§ Input data
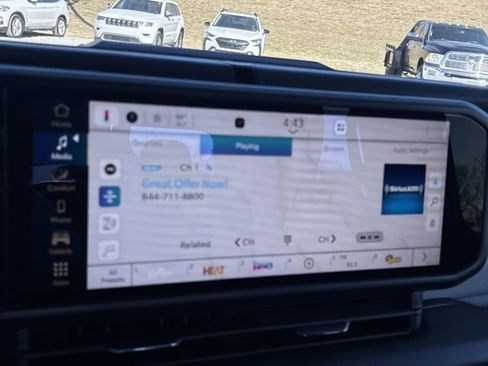 New 2026 Jeep Gladiator Sport image 25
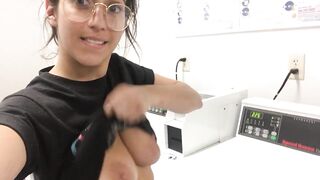 Heyitsapril (April O Neil aka heyitsapriloneil) OnlyFans Leaks iloveapriloneil Puffy Whore Porn Video20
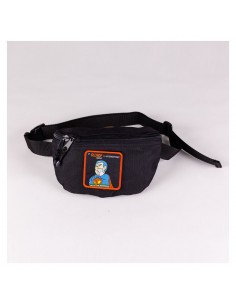 Borseta Hydroponic FANNY SUPPAMAN  Black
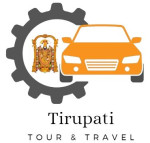 Tour and Travel Logo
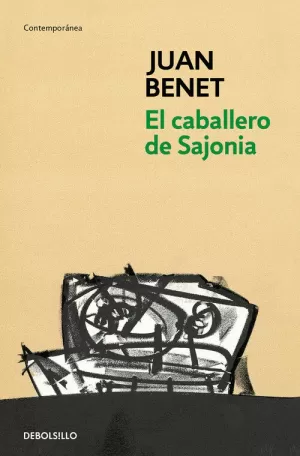 CABALLERO DE SAJONIA, EL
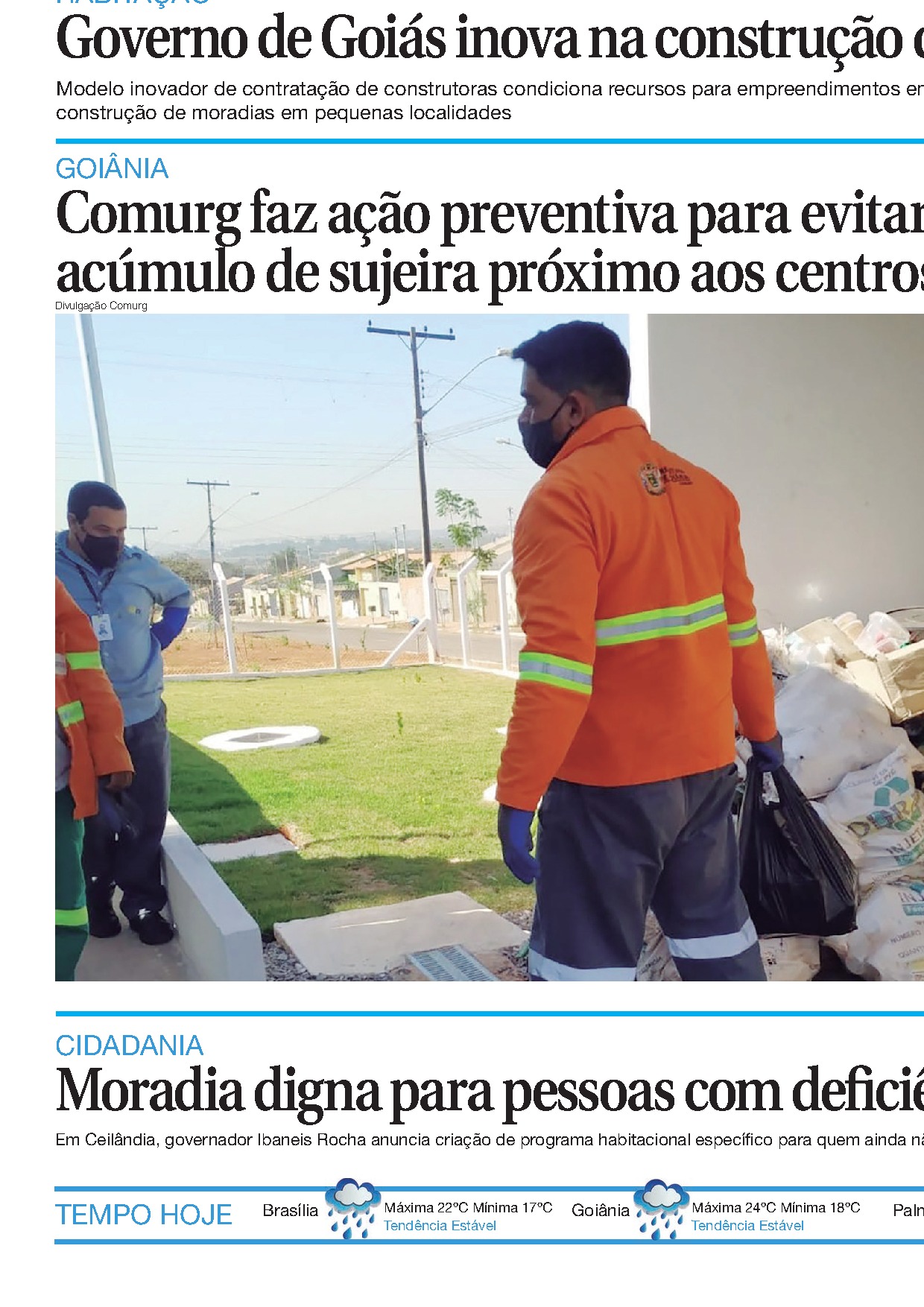 EDIÇÃO 4801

§ What you have to do
Line by line, return the listing above exactly, leaving out its pictures.

§ Output
 New 2026 Jeep Gladiator Sport image 25
 Heyitsapril (April O Neil aka heyitsapriloneil) OnlyFans Leaks iloveapriloneil Puffy Whore Porn Video20
 Borseta Hydroponic FANNY SUPPAMAN  Black
 Tour and Travel Logo
 CABALLERO DE SAJONIA, EL
 EDIÇÃO 4801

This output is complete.